━━━ TASK MATERIAL

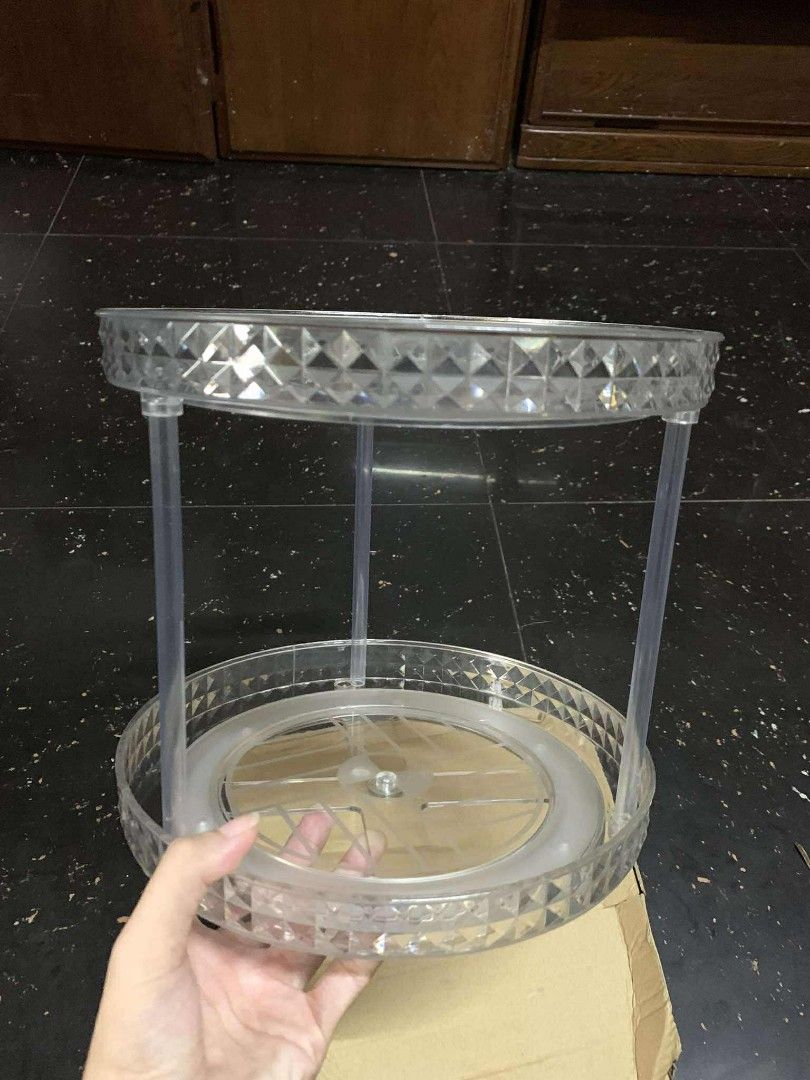 Shein Crystal Rotating Storage Organizer 2 Layers (Category: Storage Boxes & Baskets) located in Batangas. Submitted by cmaryjoy9060312 (Listing ID 1399109030, Image 2). Description: - Crystal rotating storage organizer - Two-layer design - Diamond-shaped and transparent - Ideal for cosmetics, skincare, and small items - Comes in original packaging.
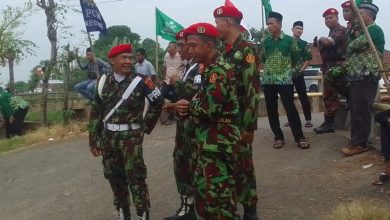 Personel Kokam Pakis Aji mengenakan seragam loreng sedang berjaga dan berkoordinasi dalam pengamanan Pengajian PDM Jepara di Sowan Kidul.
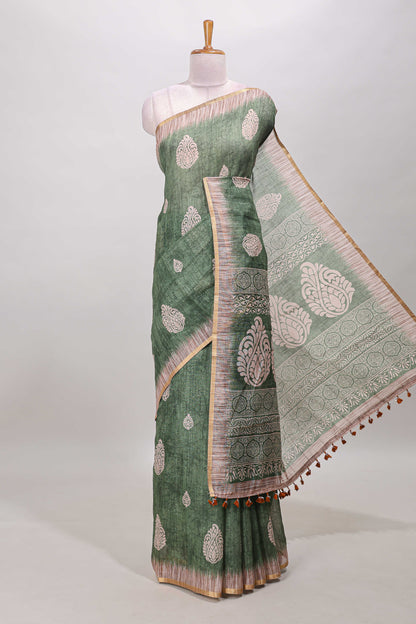 Green paisley motifs linen cotton saree with self zari border and matching blouse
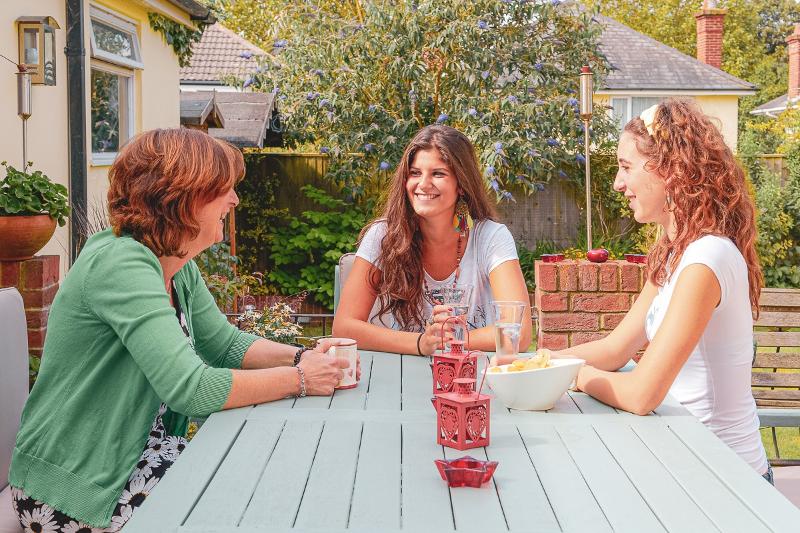 Al soggiorno linguistico inglese estivo a Bournemouth ci sono due ragazze che stanno parlando con una donna in giardino  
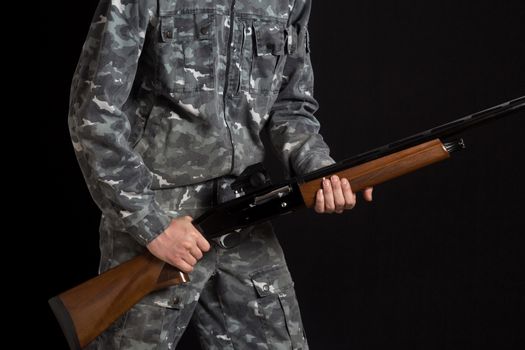 A man with a gun in camouflage military uniform. Military or hunter with a shotgun. Young man holding a gun with a sight. Man in army uniform. Soldier, trooper on a black background.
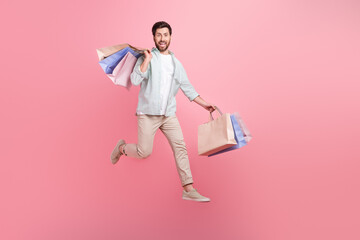 Full length photo of good mood cool man wear turquoise shirt jumping high rising shoppers isolated...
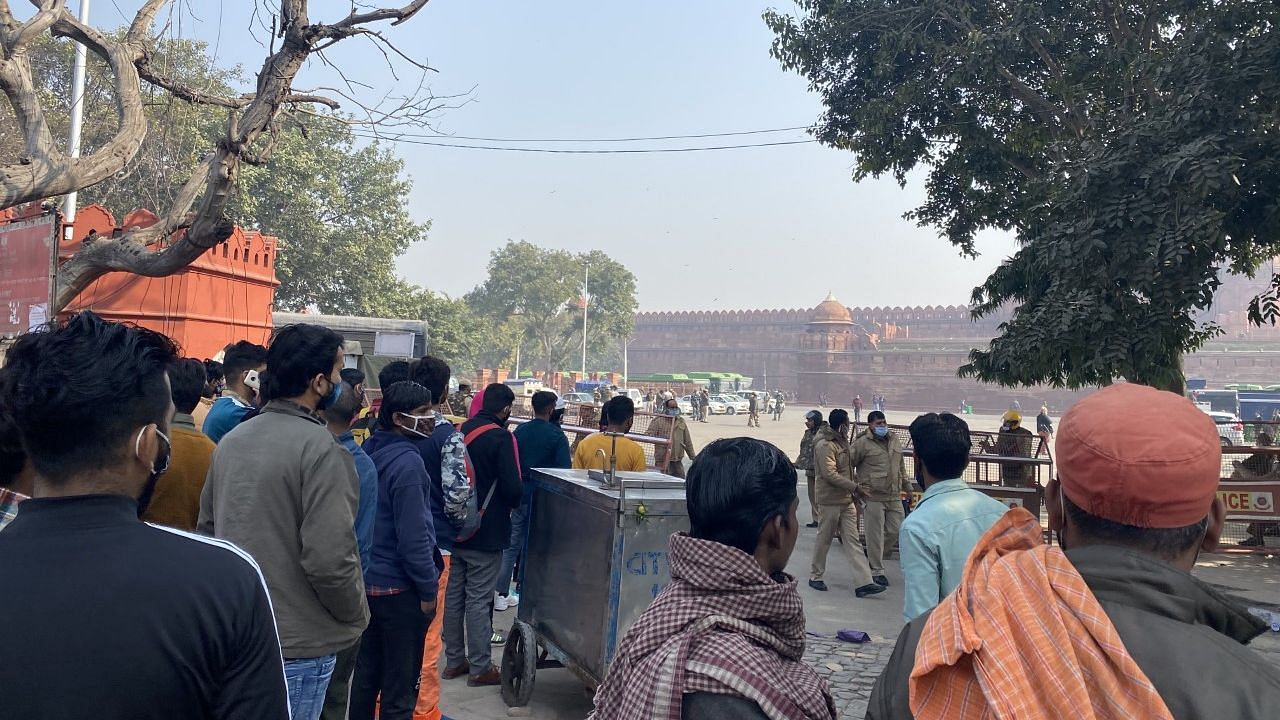 A crowd looks on at Red Fort, a day after clashes between protesting farmers and the police.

━━━━━━

REQUIREMENT>
Pictures stay out, but every record above is to be returned exactly.

OUTPUT OF THE TASK>
 Shein Crystal Rotating Storage Organizer 2 Layers (Category: Storage Boxes & Baskets) located in Batangas. Submitted by cmaryjoy9060312 (Listing ID 1399109030, Image 2). Description: - Crystal rotating storage organizer - Two-layer design - Diamond-shaped and transparent - Ideal for cosmetics, skincare, and small items - Comes in original packaging.
 Personel Kokam Pakis Aji mengenakan seragam loreng sedang berjaga dan berkoordinasi dalam pengamanan Pengajian PDM Jepara di Sowan Kidul.
 Green paisley motifs linen cotton saree with self zari border and matching blouse
 Al soggiorno linguistico inglese estivo a Bournemouth ci sono due ragazze che stanno parlando con una donna in giardino  
 A man with a gun in camouflage military uniform. Military or hunter with a shotgun. Young man holding a gun with a sight. Man in army uniform. Soldier, trooper on a black background.
 Full length photo of good mood cool man wear turquoise shirt jumping high rising shoppers isolated...
 A crowd looks on at Red Fort, a day after clashes between protesting farmers and the police.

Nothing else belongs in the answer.